A l’opposé dire « que nombre d’antisystèmes n’ont la sensation de ne pouvoir exister que dans la mesure de la puissance de ce qui les menace dans l’ordre de l’humain dressant des plans machiavéliques », n’est pas absurde sauf que… l’histoire montre que les complots de toute sorte sont précisément les évènements qui, à 40 ans de distance lorsqu’ils sont révélés par des déclassifications de documents top secret, sont seuls capables d’expliquer l’inexpliqué d’autrefois que l’on croyait inexplicable. Mais il y a complot et complot. Que les Américains par exemple aient fourni les ressources en pétrole via les pays neutres pour rendre possible la gigantesque offensive de la Wehrmacht contre l’Urss qui nécessita des millions de tonnes de carburant, n’est pas un complot mais cela est-il dit dans les manuels ou appris à Science Po? Idem pour IBM qui permit aux allemands de déloger les Juifs de partout où ils se trouvaient en Allemagne et ailleurs. Ce n’est pas un complot, juste un « fait » dont l’anniversaire ne sera jamais fêté. On préfère raconter des histoires de bombardement d’aiguillages qui n’ont pas eu lieu ou accuser la Sncf de participation à la shoah, plutôt que de répéter à chaque anniversaire d’Auschwitz par exemple que c’est IBM qui a favorisé le gazage (une suite de l’enquête serait de connaître tous les noms des dirigeants d’IBM entre disons 1935 et 1945).

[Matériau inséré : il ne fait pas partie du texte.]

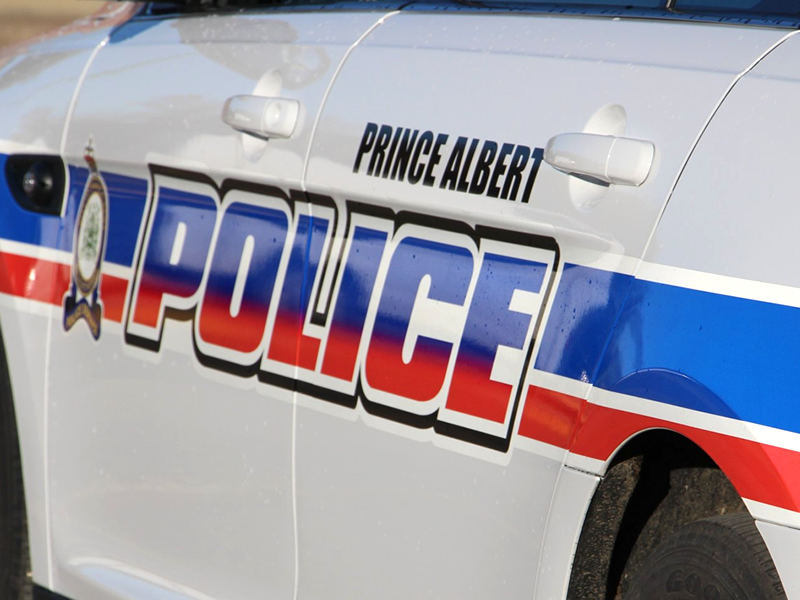 Side of Prince Albert Police car.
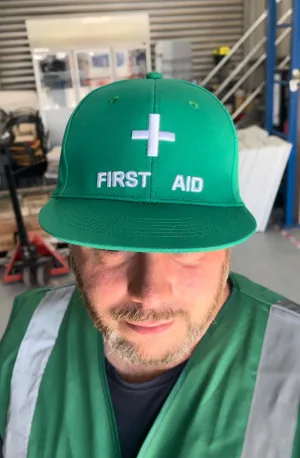 Stylish Green First Aid Cap | 3D embroidered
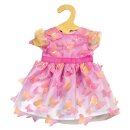 Puppenkleid Miss Butterfly Größe 28-35cm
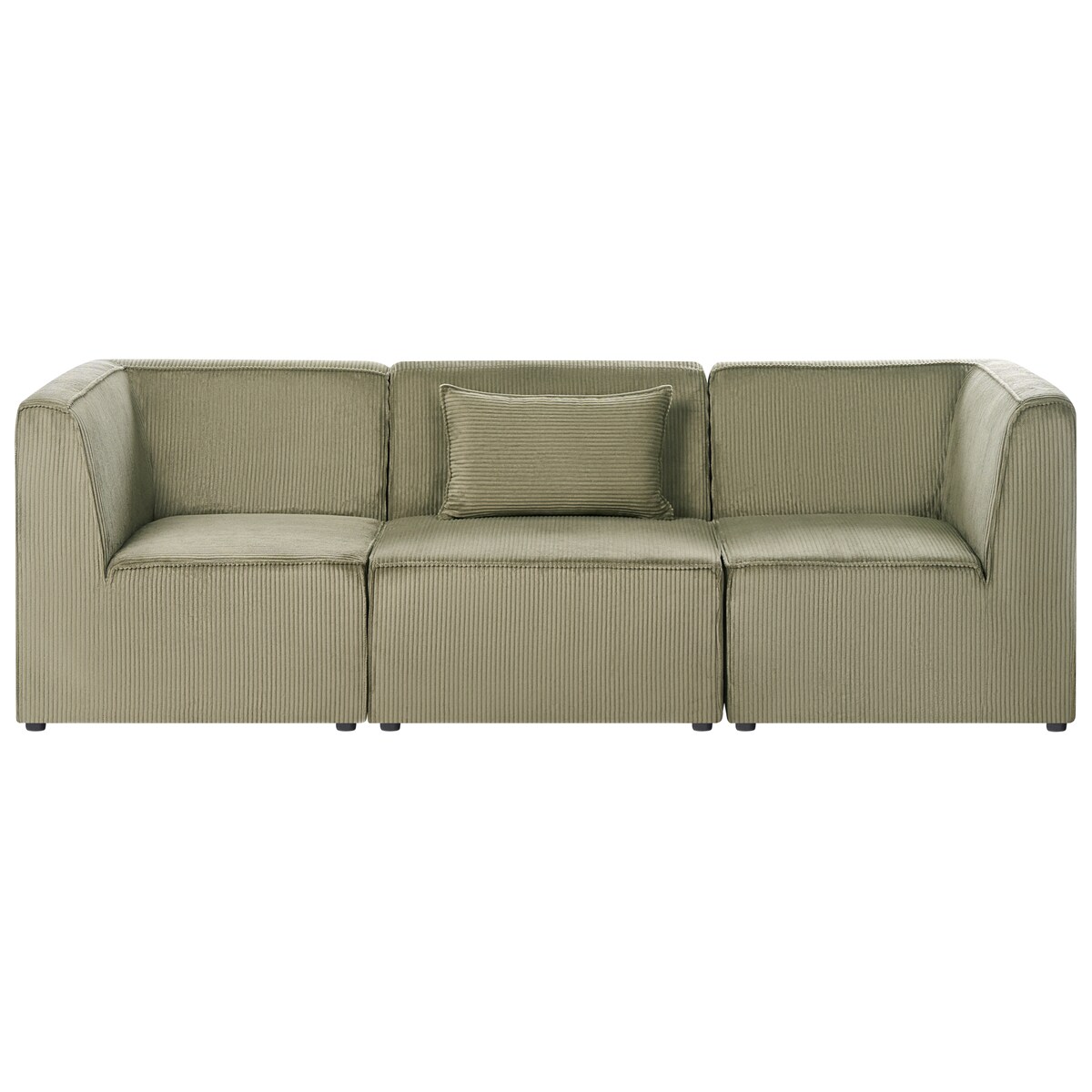 Sofa modułowa dla 3 osób LEMVIG Sztruks Zielony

Ajoutons à ça la psychologie et surtout celle de ceux qui mériteraient un psychologue à domicile, tant leur comportement est… comment dire? dément? Mais là, nous entrons dans un autre domaine qui celui des hommes « qui font l’histoire » dit-on. Qu’un Truman ait « fait » l’histoire personne je pense n’en doute. Par sa décision de bombarder Hiroshima et Nagasaki, il a déclenché la guerre froide et à obligé Staline à une politique de soviétisation forcé en Europe de l’est qui n’était nullement dans ses intentions premières. Mais comprenant que les avions Us et anglais qui s’étaient distingués de Dresde à Tokyo, en passant par Hambourg, Hiroshima et Nagasaki, devaient être tenus à la plus grande distance possible de l’Urss, il a finit par admettre que la bonne intelligence avec Roosevelt n’avait plus d’avenir. Ainsi, les deux bombes nucléaires sur le Japon sont un complot, c’est-à-dire une stratégie dont le but était l’isolement de l’Urss en vue de sa destruction ultérieure. Heureusement le grand savant Sakharov vint. On connaît hélas la suite. Les historiens du futur auront à cœur de dire que ce sont les forces nucléaires russes qui ont évité la 3e guerre mondiale.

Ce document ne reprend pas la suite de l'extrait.